Adolescence is a Powerful Force

Carrie
Directed by Kimberly Peirce
Three Stars

By Rollan Schott

One of the interesting aspects of Brian De Palma’s “Carrie”, the 1976 horror classic about repressed sexuality and the power of femininity, was that it was written (novel and screenplay) and directed by men. It’s an odd band to be writing a feminist anthem, but what De Palma’s “Carrie” became, amidst the whir of testosterone involved in the production, was a parable about the Darwinian cruelty of high school and, perhaps more importantly, a paranoid allegory of masculine insecurity, of the buried power of the women that a male-centric society dares to subjugate. It worked both as a sardonic revenge fantasy and as a cautionary tale, and felt all the more dangerous and startling for managing both.


Kimberly Peirce’s remake of the famed Stephen King novel, of the tortured high school senior with untamed telekinetic powers, is not nearly as audacious the feat that De Palma’s was, but it does enjoy the distinct advantage of having been made by a woman, an worthwhile perspective for this material, and one that makes this an intriguing thriller in its own right, if you can forgive the long shadow of the predecessor that shrouds it. Peirce’s film is more product than De Palma’s, glossier, heavier on surfaces but with less visceral unease. She has effectively graduated this material from low-budget cult bait to full on pop art, and if it doesn't have the immediate potency of De Palma’s, its accessibility does make some of this story’s basic themes, such as the way Carrie’s developing powers act as a basic parallel for mysterious and powerful changes her body is enduring, more available.

But what Peirce’s and De Palma’s films do have in common are the strength and courage of their lead performances, here Chloe Grace Moretz in the titular role and Julianne Moore as her domineering and dysfunctionally religious mother. This is acting without a net, and one should stop to appreciate the hubris necessary to take on roles so perilously close to the absurd, to step so far out on to the edge and fight back the vertigo. Moore especially, as Carrie’s mother, is misogynist in a fetishistic way, dwelling relentlessly on the deep-seated contempt for women in Christian texts. She self-mutilates, thumping her head on walls and smacking her temples with coiled fists, punishing herself ceaselessly for the child she born out of wedlock. She moves obliviously about her house in a servile daze. Hers is a ridiculous character, but Moore sells it with vigor, and with a director who seems to understand horror’s proximity to comedy the effect is more upsetting than laughable.

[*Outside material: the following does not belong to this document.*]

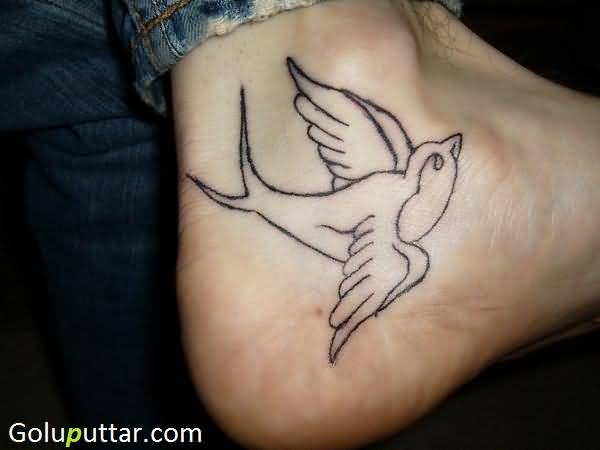 Outline Flying Bird Ankle Tattoo Idea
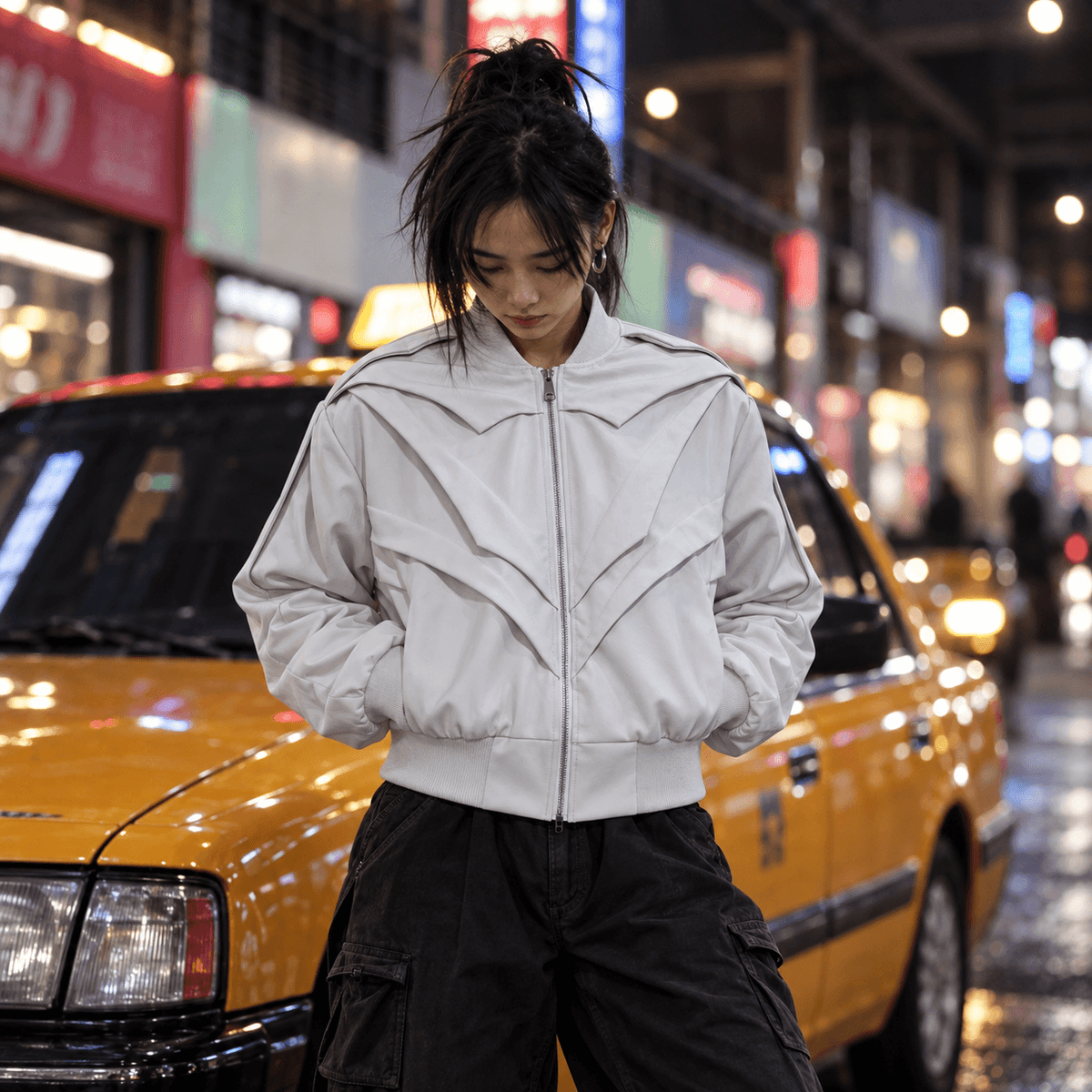 Sanhoostudio PU leather jacket featuring layered multi-panel construction, a sculptural silhouette, and a cropped fit. Designed for statement streetwear styling with dimensional structure, bold visual texture, and a distinctive contemporary motorcycle-inspired aesthetic.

And then there’s Moretz, who already at 16 has produced a wealth of performances within material that should seem taxing to her maturity. Since having faced down a psychopathic Ryan Reynolds in “The Amityville Horror” in 2005, she has turned up in “Texas Killing Fields”, the dark vampire film “Let Me In”, the ultra-violent “Kick-Ass” and its sequel, and now here, where the very youth she seems to have sidestepped for her career is itself upon the sacrificial altar. Sissy Spacek, in her iconic performance from the original film, was impish and pasty, withdrawn in a manic and terrified way. But Moretz’ Carrie is a pitifully pretty, forlorn loner, a girl for whom the revelation of her exquisite beauty on prom night is startling to everyone but us, because the waning of her innocence had already provoked an inevitable sympathy.

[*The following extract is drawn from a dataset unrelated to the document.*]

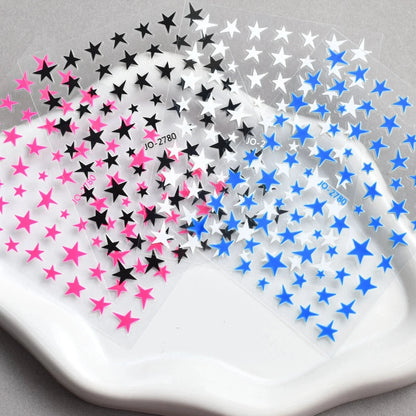 3/6/12 Sheets Star Nail Stickers Set – Neon Laser Color Self-Adhesive Decals DIY Gel Acrylic Nail Art Decoration Good Vibrations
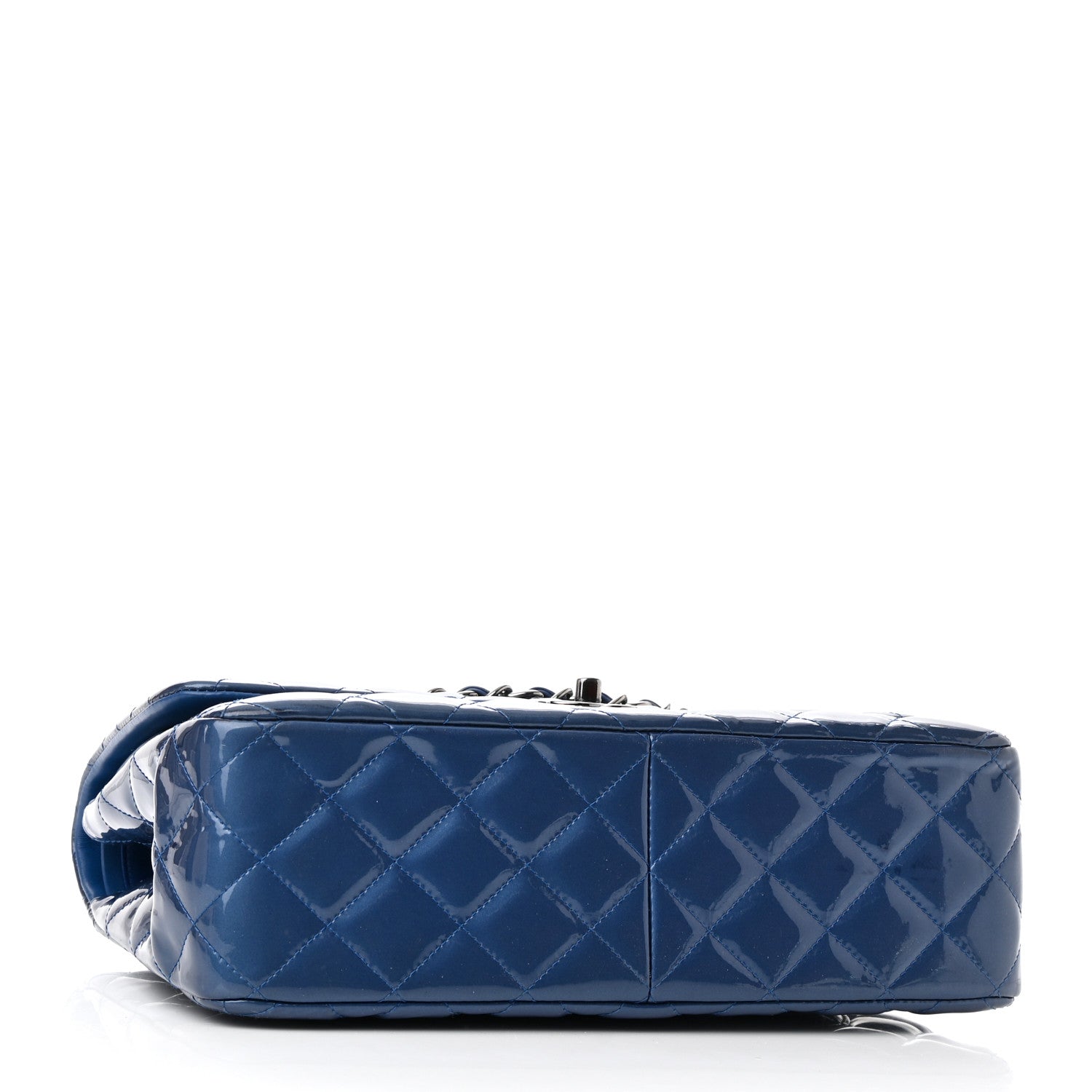 Chanel Patent Quilted Jumbo Double Flap Blue 4 of 13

But Carrie was invisible, her attractiveness hiding in plain site. Her isolation was not suffocating but empty, and baffling in a superficial and materialistic high school culture where pretty girls like Carrie should enjoy an effortless celebrity. Early in the film she is informed frankly, after her traumatic and humiliating first period in the locker room, that she’s a “woman” now. It is a charge applied prematurely, mistakenly equating a girl’s maturity with her sexual development, and it is that very misunderstanding, of that turbulent whirlwind of late adolescence, that this film is predicated on. “Carrie” is an affecting allegory for the terrifying powers of sexuality, and the uncharted mysteries of puberty, and the way that that confusion manifests itself as insecurity and is expelled outward like a violent quasar into a society ill-equipped to support it. Carrie is but one, but she is also, articulately, that society, her power our fear, her fear our regret.